J.B. – Une transition pacifique est en effet difficile à envisager en Russie, sauf dans un scénario où Poutine meurt naturellement ou cède volontairement le pouvoir à un successeur de confiance. Poutine devrait probablement être en mauvaise santé pour risquer ce dernier scénario, cela semble donc être une perspective lointaine.
Il s’ensuit donc qu’il y a un risque de violence dans une future transition du pouvoir, si cela implique une tentative de remplacer Poutine de son vivant. Cela ne peut se produire de manière réaliste que par un coup d’État, une révolution ou un assassinat.
C’est une autre question de savoir si ce genre de crise politique conduirait à une guerre civile russe.
Une guerre civile exigerait que les forces armées russes aient des loyautés partagées, différentes parties des forces armées s’alignant sur différentes factions politiques. C’est difficilement envisageable.
Les généraux russes seraient plus susceptibles de rester en dehors des conflits politiques intérieurs ou de suivre les ordres du chef de l’État en place.

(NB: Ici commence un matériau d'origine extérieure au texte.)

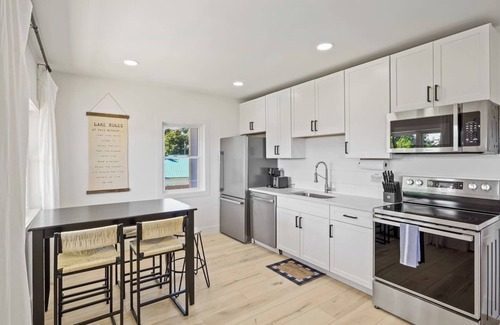Sodus Point Apartment | NEW Luxury Apt | 3 BR | King Bed | Sodus Point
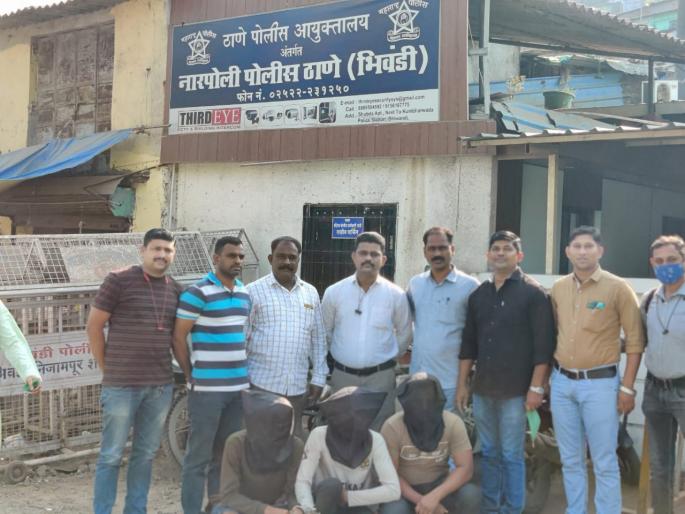 Four arrested for robbing driver, one accused absconding | वाहन चालकास लुटणाऱ्या चौकडीला अटक तर एक आरोपी फरार Four arrested for robbing driver, one accused absconding | वाहन चालकास लुटणाऱ्या चौकडीला अटक तर एक आरोपी फरार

LA – En cas de déstabilisation de la Russie due au départ de Poutine, quel pourrait être l’impact sur la guerre en Ukraine?
J.B. – Le départ de Poutine serait probablement favorable à la fin de la guerre en Ukraine, mais probablement pas immédiatement. Ni la société russe ni la plupart de l’élite n’ont joué un rôle significatif dans les décisions qui ont conduit à la guerre. C’était vraiment le projet personnel de Poutine.
Un futur dirigeant peut être plus pragmatique et avoir des priorités différentes, comme consolider son pouvoir chez lui. Notez que cela serait également vrai avec ou sans déstabilisation en Russie. Il est logique de supposer que s’il y a déstabilisation à la suite du départ de Poutine, cela entraverait davantage la capacité de la Russie à mener la guerre.
Par exemple, l’incertitude politique affaiblirait probablement l’économie russe et peut-être le moral de l’armée russe. S’il y a de graves troubles ou de la violence en Russie, l’armée pourrait même être nécessaire dans le pays.
LA – À plus grande échelle, quel pourrait être l’impact d’une déstabilisation de la Russie sur la Chine, qui verrait ainsi son partenaire clé (pour défier l’Occident et les États-Unis) perdre de l’influence en Eurasie?
J.B. – Tout ce que l’on peut dire avec certitude en réponse à cette question, c’est que la Chine n’apprécierait absolument pas une déstabilisation politique en Russie. C’est pour la raison que vous indiquez dans la question: une Russie faible et distraite signifierait que la Chine est elle-même affaiblie dans ses différents conflits avec l’Occident.
Mais les implications réelles de toute déstabilisation russe pour la Chine dépendraient de nombreuses inconnues, telles que sa durée et ce qui vient après.
Il semble peu probable, en fait, que de futurs changements politiques en Russie conduisent à des changements fondamentaux dans les relations de la Russie avec la Chine.